Почти в самом конце пьесы рассказчик говорит: «Только я у него и есть, а он у меня. <…> Единственный друг мой». Это вторая, не считая заглавия, и последняя в тексте инверсия – вместо «мой друг». Серзин говорит, что для него такой порядок слов в названии важен ещё и как ассоциация с есенинским «Чёрным человеком». Она есть в спектакле – не только потому, что герой говорит с зеркалом. А прежде всего – в состоянии нездоровья, когда «сам не знаю, откуда взялась эта боль», но всю ночь без сна ведёшь разговоры с каким-то конкретным собеседником, отвечаешь на его упрёки, а весь ужас в том, что «никого со мной нет». Хотя прежде, чем снова выйти за дверь и тем завершить спектакль, герой послушает запись-аудиосообщение. На ней весёлый голос исполняет – как сам говорит, «с четвёртой попытки», – детскую песенку «Иди, мой друг, всегда иди дорогою добра». Голос – режиссёра спектакля, Семёна Серзина. И драматургически, конечно, это аудио по «законам кино» создаёт ощущение, что друга больше нет. Непоправимо нет. И вряд ли слушающий запись рассказчик тут вовсе ни при чём. Но голос есть, а значит, тот, кого нет, всё-таки был – хотя и текст, и действие допускают возможность, что «я и мой друг» – это внутренний спор одного человека. Вроде того, о чём говорит крепкий-хрупкий парень: «Единственная проблема заключается в том, сказал парень, что есть знание – и есть чувство. И они никак не хотят совпадать. И можно знать хоть до посинения. Но с ощущением ничего сделать нельзя. Оно есть. И оно ест. Грызёт. Обгладывает. И в итоге проглотит насовсем». Песня в записи, конечно, в контексте всей истории звучит издевательски. Но для героя, который теперь может обратиться как к другу лишь к зеркалу, – кажется, не только. В конце концов, если в спектакле, как в серзинских героях, простая данность или даже шутка не исключают объёмных смыслов, то голос «невидимого режиссёра» – это почти утешение. Метафорическое утверждение метафизического присутствия, возможного неравнодушия. И сложно сыгранный Олегом Рязанцевым простой человек, тихо и горько говорящий со своим отражением, может увидеть в нём героев не только Стешика и Есенина, но и Бродского: «На прения с самим / собою ночь / убив, глотаешь дым, / уже не прочь / в набрякшую гортань / рукой залезть. <…> Не зеркала вина, / что скривлен рот: / ты Лотова жена / и сам же Лот. // Но это только ты. / А фон твой — ад. / Смотри без суеты / вперёд. Назад / без ужаса смотри».

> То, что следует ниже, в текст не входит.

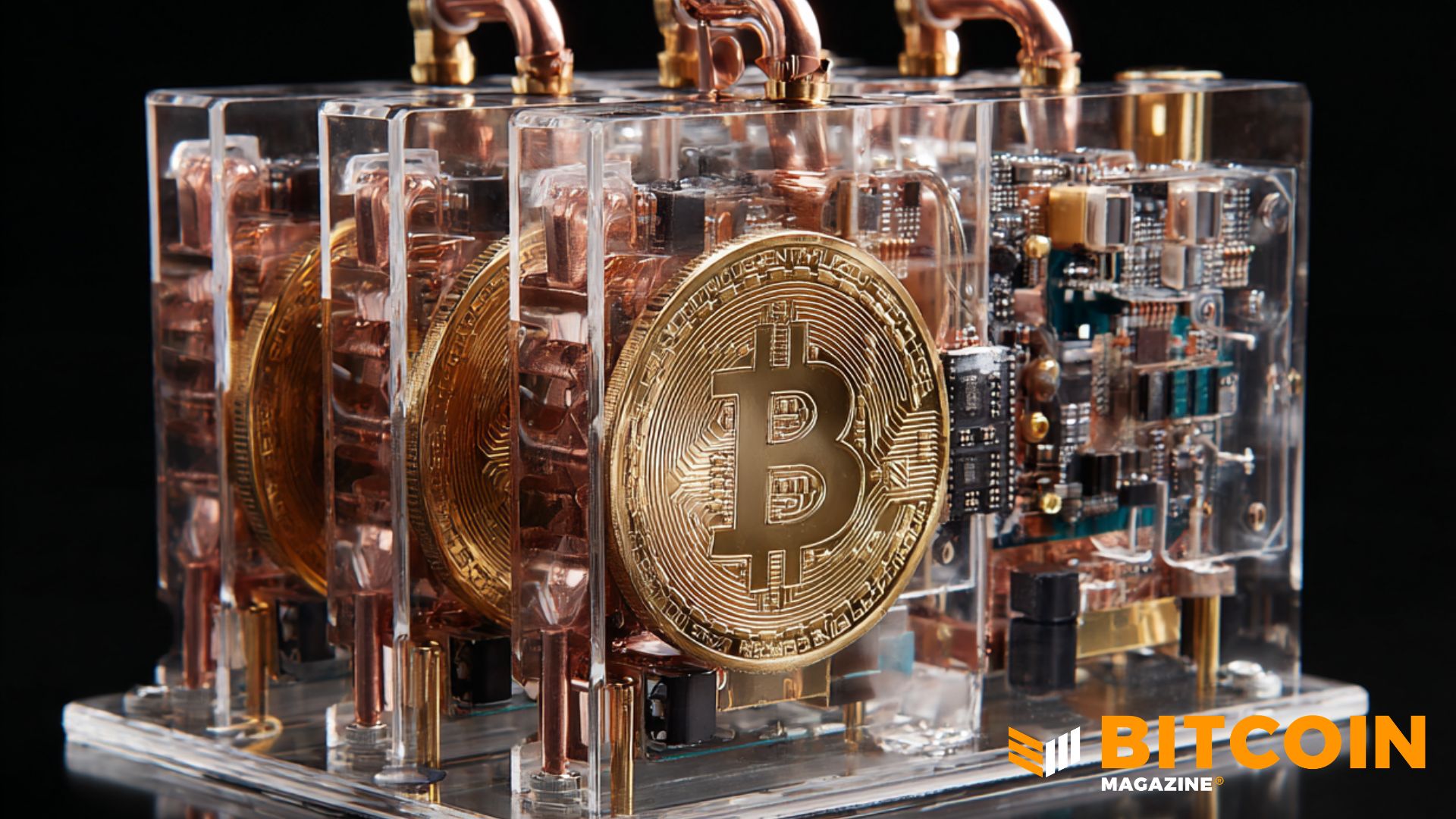 Canaan Secures Ownership in Texas-Based Mining Ventures by Acquiring Cipher Mining's Shares, Bolstering Its AI and Energy Initiatives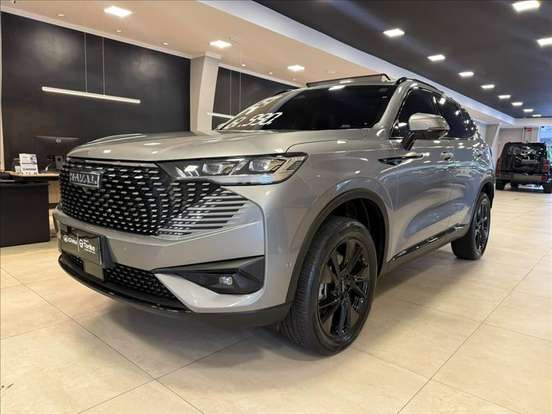 GWM-HAVAL H6-2023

Человек живёт на фоне ада. И когда он замечает этот фон – или когда фон сам бестактно обнимает за плечи, – появляются стихи, театр и потребность в них. Они возникают именно оттого, что мы вспоминаем (а чаще – нам напоминают) о конечности всего, о смерти, которая всегда рядом с жизнью. Мужественно жить, «не теряя отчаяния», можно там и тогда, где сквозь прозу проступает поэзия, а в твоём отражении – твой друг.